• If one is a big enough moron to believe that Froot Loops contains fruit, there is not much the law can do to help! [I’m sure it does however contain “Froot”–it is implied on the box].

    This is not the first lawsuit on this topic for Froot Loops (formally Fruit Loops) and Kellogg. From Wikipedia: (I did not run the case on Westlaw):

    In 1959, following the failure of Kellogg’s OK’s, Kellogg’s re-purposed the equipment to create the Fruit Loops, Apple Jacks, and Puffa Puffa Rice cereals. A lawsuit was filed less than six months into the distribution of Fruit Loops by Renee Paxton in Paxton v. Kellogg’s[citation needed]. In the case, Paxton claimed that the branding was misleading, as the product didn’t actually contain any fruit. The case was settled out of court, with Kellogg’s agreeing to rebrand what was already a popular cereal as “Froot Loops”.
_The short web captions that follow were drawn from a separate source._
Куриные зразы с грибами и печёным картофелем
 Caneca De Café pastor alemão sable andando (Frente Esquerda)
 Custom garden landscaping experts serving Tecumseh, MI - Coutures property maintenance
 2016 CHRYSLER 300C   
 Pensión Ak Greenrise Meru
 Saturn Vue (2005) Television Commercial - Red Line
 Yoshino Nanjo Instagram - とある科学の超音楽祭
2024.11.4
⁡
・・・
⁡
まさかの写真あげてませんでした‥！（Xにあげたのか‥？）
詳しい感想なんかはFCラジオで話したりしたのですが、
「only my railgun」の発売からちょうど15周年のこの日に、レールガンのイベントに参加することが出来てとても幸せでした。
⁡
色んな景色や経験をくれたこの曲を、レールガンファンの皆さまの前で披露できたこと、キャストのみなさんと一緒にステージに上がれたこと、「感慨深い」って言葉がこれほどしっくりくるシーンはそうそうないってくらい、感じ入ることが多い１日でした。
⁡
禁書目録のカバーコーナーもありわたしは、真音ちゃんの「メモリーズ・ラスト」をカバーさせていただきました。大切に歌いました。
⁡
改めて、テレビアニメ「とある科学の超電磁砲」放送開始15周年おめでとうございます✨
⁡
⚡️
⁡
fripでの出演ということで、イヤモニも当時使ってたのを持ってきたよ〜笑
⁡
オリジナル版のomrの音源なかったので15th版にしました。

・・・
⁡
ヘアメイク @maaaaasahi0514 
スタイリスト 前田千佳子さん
    When I see such moronic lawsuits, I always keep open the possibility that they are somehow collusive suits for the company to get nationwide advertising for the cost of an index number and a few hours of legal fees.

  • Did Puffa Puffa Rice conain sufficient Puffa Puffa?


  • The update link says it even better. The lawyer is the one looking for the cash and he’s a nitwit.